KM: We can’t go back, the world is changed, as the world will always do. We can’t avoid the pain either. Like that is that’s there, it’s present for all of us. And there’s no winning strategy that would negate any of that, that would take the pain away, that would make everything go back. There’s nothing there’s nothing that we could do write that we would achieve that for ourselves. So yeah, it’s a big acceptance.
JS: It’s a big acceptance. It’s a little heavy, but in your book still, there’s so much levity there’s still so much space for joy and curiosity and wonder and sort of seeking something beyond the heaviness that we see every day. Going back a little bit into these sort of short stories or short vignettes that you write in. Do you have like a favorite little piece from the book or something to sort of tease for our listeners? I mean there’s the Brocken Spectre piece that I love. There’s Okay, the shooting star piece that I love. The moment that I had to close the book the most and just think about is in the piece about meditation, when you realize that maybe meditation has been designed for men and that’s why it’s so difficult to incorporate into your daily practice. I had to do some thinking on that one for a while. That one really hit me.

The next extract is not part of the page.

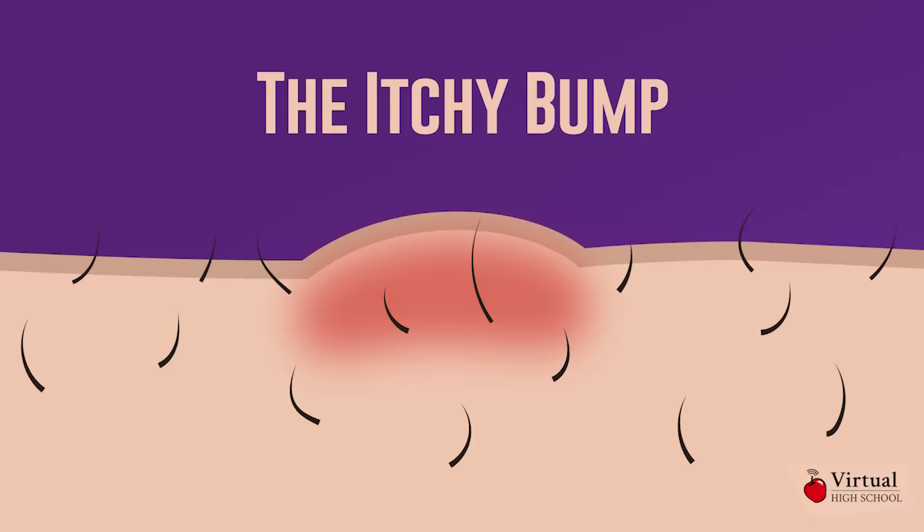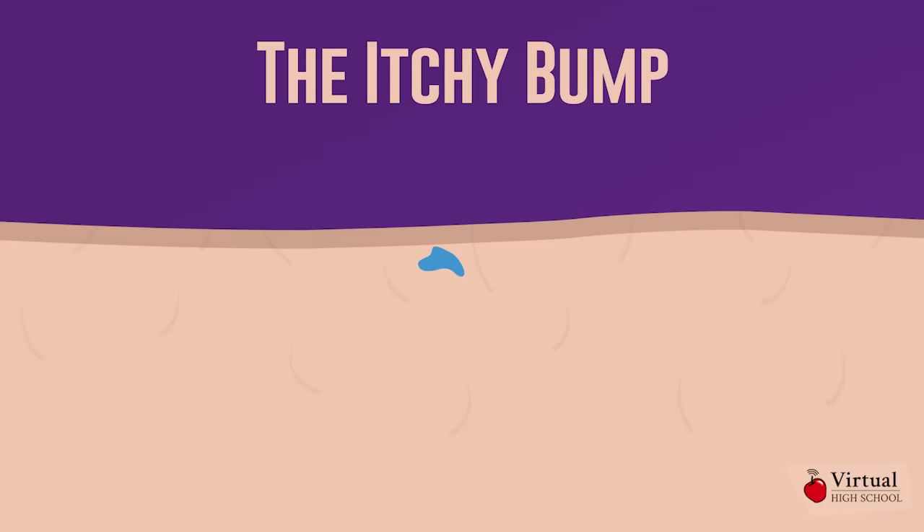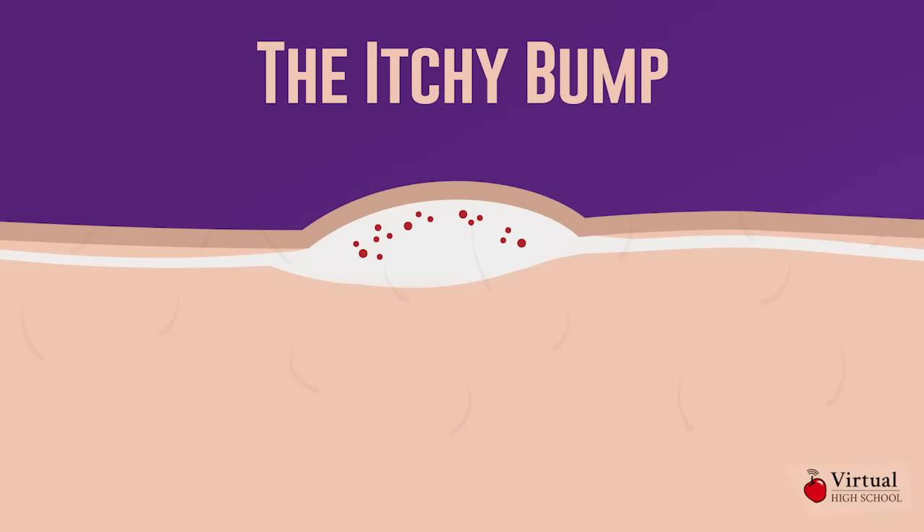What about the itchy bump you get after a mosquito bite? That is caused by your body's immune response to mosquito saliva, which is an allergen. During an allergic reaction, the immune system releases fluid and cells into the site of the bite to destroy the foreign substance. This extra fluid and cells result in the swelling and itching that accompanies a bite.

KM: Yeah, that was a really important bit for me actually. It was an important shift in my own thinking was really absorbing how I’d often judged my own spiritual development (that’s a very grand term) against this paradigm of the man who goes off alone and thinks about it until they can figure it out, maybe for years. I have a problem with that, I don’t think it’s bad in and of itself. But I think a very specific set of circumstances let people do that. And meanwhile, the everyday world continues. And women, as we know, are so often the ones that are most ensnared in carrying responsibilities, and are holding everything down, to facilitate the act of spiritual enlightenment. And I just think it’s about time the respect rang both ways that’s all.
JS: There’s a very different expectation for a woman who, you know, were to leave her whole life behind for this sort of grand spiritual journey, and a man who is to leave his life behind for the same thing, I think there’s a very different response there.

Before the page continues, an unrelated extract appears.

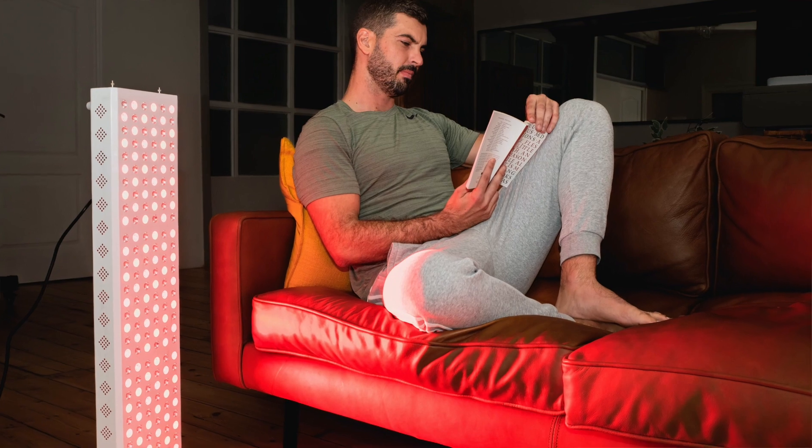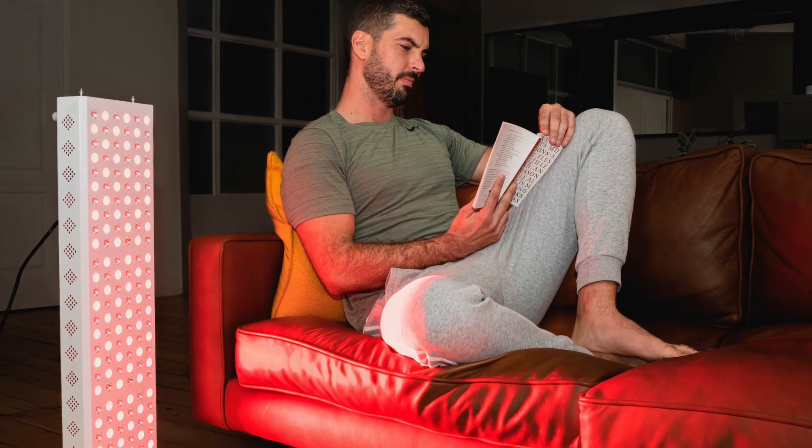By now you've probably heard of red light therapy and you know what it does — it uses red and near infrared light in order to stimulate energy within your cells.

KM: While his wife looks after the kids quite often. It’s not just about women and men, I mean, the number of men who are caring for partners, for example, is totally invisible. And we need to start to really admire the reserves that those people find to go back and care over and over again, at their own expense and find tenderness when they’re exhausted. And keep advocating for a more vulnerable person when they themselves are suffering. And like that is a really high calling, as far as I can see it, and it’s hidden. You know, I just, I just want some of those gurus to be sitting around the circle listening to those people. Tell them how that’s done. And tell them about the practice and the asceticism, and the contact with beating heart of life. That brings us to, there’s just a lot of mutual learning that can be done there.
JS: I think that your stories are so relatable and so interesting. There’s so many times I’m like, I’ve had so many moments like that, and the piece that’s so interesting, you know, this isn’t a personal growth book, or a self-help book. This isn’t a memoir, it’s sort of fit somewhere in between and so much of that what makes it digestible and relatable is that you’ve put so much of yourself into this.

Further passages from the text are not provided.